LNCaP cells were transiently transfected with two different c-Rel RNAi duplexes (#1 and #2) or a non-target control (C) RNAi duplex. After 24 h, cells were treated with PMA (100 nM, 1 h) or vehicle. (A) Cells were collected after 24 h and stained with DAPI. Incidence of apoptosis in each preparation was analyzed by counting 300 cells and determining the percentage of apoptotic cells. Results were expressed as mean ± S.E.M. of three independent experiments. *, p<0.05 vs. control (PMA-treated). (B) Floating and attached cells were collected after 24 h and cell lysates were prepared. Protein expression levels of c-Rel and cleaved PARP were determined by Western blot. Two additional experiments yielded similar results. (C) mRNA expression levels for p21cip1, PUMA, GADD45, and NOXA were determined 24 h after PMA treatment using real-time PCR. Results were expressed as fold-increase relative to non-target control RNAi (vehicle-treated). Data represents the mean ± S.E.M. of 3 independent experiments. *, p<0.05 vs. non-target control RNAi (PMA-treated).

https://doi.org/10.1371/journal.pone.0067319.g008

Discussion

Besides their many cellular effects via direct phosphorylation of proteins, PKC isozymes have been also recognized as signaling kinases that trigger significant effects on gene expression upon their activation. The early identification of TREs as cis-acting gene promoter elements, together with the well-documented ability of phorbol esters to modulate transcription factor expression/activity, attest to the relevance of PKCs as regulators of transcriptional activation.
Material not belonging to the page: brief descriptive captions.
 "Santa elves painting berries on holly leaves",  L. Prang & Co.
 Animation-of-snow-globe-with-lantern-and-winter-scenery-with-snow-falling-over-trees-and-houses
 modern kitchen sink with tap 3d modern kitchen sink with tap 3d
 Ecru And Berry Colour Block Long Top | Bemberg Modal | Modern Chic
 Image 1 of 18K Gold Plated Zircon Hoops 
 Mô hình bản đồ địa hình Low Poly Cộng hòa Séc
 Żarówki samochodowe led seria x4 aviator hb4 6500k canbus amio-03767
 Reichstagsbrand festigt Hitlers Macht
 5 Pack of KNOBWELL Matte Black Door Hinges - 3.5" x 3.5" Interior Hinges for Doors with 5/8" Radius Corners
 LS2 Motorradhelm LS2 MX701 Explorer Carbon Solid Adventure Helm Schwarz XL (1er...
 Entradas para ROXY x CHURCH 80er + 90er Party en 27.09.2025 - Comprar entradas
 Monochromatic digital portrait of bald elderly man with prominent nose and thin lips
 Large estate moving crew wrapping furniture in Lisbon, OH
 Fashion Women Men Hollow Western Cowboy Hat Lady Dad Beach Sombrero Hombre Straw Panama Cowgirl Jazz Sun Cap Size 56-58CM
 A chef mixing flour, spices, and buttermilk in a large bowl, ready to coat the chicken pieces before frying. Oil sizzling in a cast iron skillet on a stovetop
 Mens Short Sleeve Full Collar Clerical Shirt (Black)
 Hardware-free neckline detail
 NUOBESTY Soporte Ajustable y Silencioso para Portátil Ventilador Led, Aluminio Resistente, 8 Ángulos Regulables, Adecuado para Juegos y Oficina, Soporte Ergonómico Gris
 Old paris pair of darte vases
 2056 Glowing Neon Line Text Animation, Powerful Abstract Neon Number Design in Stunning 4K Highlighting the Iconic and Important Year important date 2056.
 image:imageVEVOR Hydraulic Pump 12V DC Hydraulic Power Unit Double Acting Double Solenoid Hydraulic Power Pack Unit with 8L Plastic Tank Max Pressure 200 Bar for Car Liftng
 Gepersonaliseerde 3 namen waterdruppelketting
Moreover, PKC isozymes have been extensively associated with the activation of signaling pathways that modulate gene expression, such as the MEK/Erk, JNK, and NF-κB cascades, just to name a few [5], [8], [12], [24], [26], [30], [31], [32]. In a previous genome-wide analysis of PKC-regulated genes in prostate cancer cell models [15], our laboratory reported marked differences in the ability of DAG/phorbol ester-responsive PKCs α, δ, and ε to regulate gene expression. As anticipated from their distinctive ability to phosphorylate intracellular substrates and activate multiple signaling cascades, PKC isozymes exhibit both overlapping and selective roles in controlling the transcriptional activation of genes. In that study PKCδ was identified as the main PKC isozyme that mediates the induction of genes by phorbol esters, the widely used activators of cPKCs and nPKCs. Indeed, a sizeable number of genes were regulated by this kinase in a specific manner without significant contribution of other DAG/phorbol ester responsive PKCs. In agreement with these results, a recent interesting study also established a prominent role for PKCδ in the control of gene expression in dermal fibroblasts [33]. Among the PKCδ-regulated genes in prostate cancer cells, we identified FOSL1, BCL2A1, SERPINB2, and TRAF1. Both FOSL1 and BCL2A1 were found to be mediators of phorbol ester- and etoposide-induced apoptosis in LNCaP prostate cancer cells [15]. On a smaller scale, PKCε (and even less PKCα) also controls the transcriptional activation of genes. Accordingly, here we report an exceptionally complex regulation of transcriptional networks by individual members of the PKC family, which may ultimately lead to both selective and overlapping effects of PKC isozymes on gene expression.

In this study we took advantage of the large microarray data generated in our previous report [15] to search for transcription factor binding sites in the promoter regions (up to 5000 bp) of PKCα-, PKCδ-, or PKCε-regulated genes. This analysis revealed a number of REs that are statistically over-represented in the promoters of genes regulated by each of these PKCs as compared to their occurrence with the larger background set of promoters. As expected from the prominent involvement of PKCδ in the regulation of gene expression, there is a higher occurrence frequency of REs for PKCδ-regulated genes relative to PKCε- or PKCα-regulated genes. One of the most notable findings in this analysis is the over-representation of REs for the transcription factor c-Rel in the promoter of genes regulated by these three PKCs. c-Rel is a member of the NF-κB family of dimeric transcription factors that also includes RelA (p65), RelB, p50 and p52, and it binds to the consensus sequence GGGCTTTCC in gene promoters [34], [35]. Alternative c-Rel consensus binding sites have been reported [36], however our analysis using PAINT did not reveal significant enrichment for those motifs. c-Rel controls a myriad of normal cellular functions and development. In addition to its well-characterized role in the immune response and lymphoid malignancies, several studies have linked c-Rel to the progression of epithelial cancers, including prostate, breast, and head and neck cancer [23], [37], [38], [39]. c-Rel displays an abnormally high nuclear expression in cancer and controls the expression of important cell cycle genes [23], [40], [41]. In addition, c-Rel was identified as an important regulator of the DNA damage checkpoint response [42]. Coincidentally, studies from several laboratories have identified PKCs as mediators of cell death and survival. For example, PKCδ mediates apoptosis induced by ara-C, cisplatin, and etoposide, including in prostate cancer cell models such as LNCaP cells [15], [18], [43], [44], [45]. On the other hand, PKCε is a pro-survival kinase in LNCaP cells [4], [24]. Our results suggest that overall, c-Rel drives a pro-survival transcriptional program.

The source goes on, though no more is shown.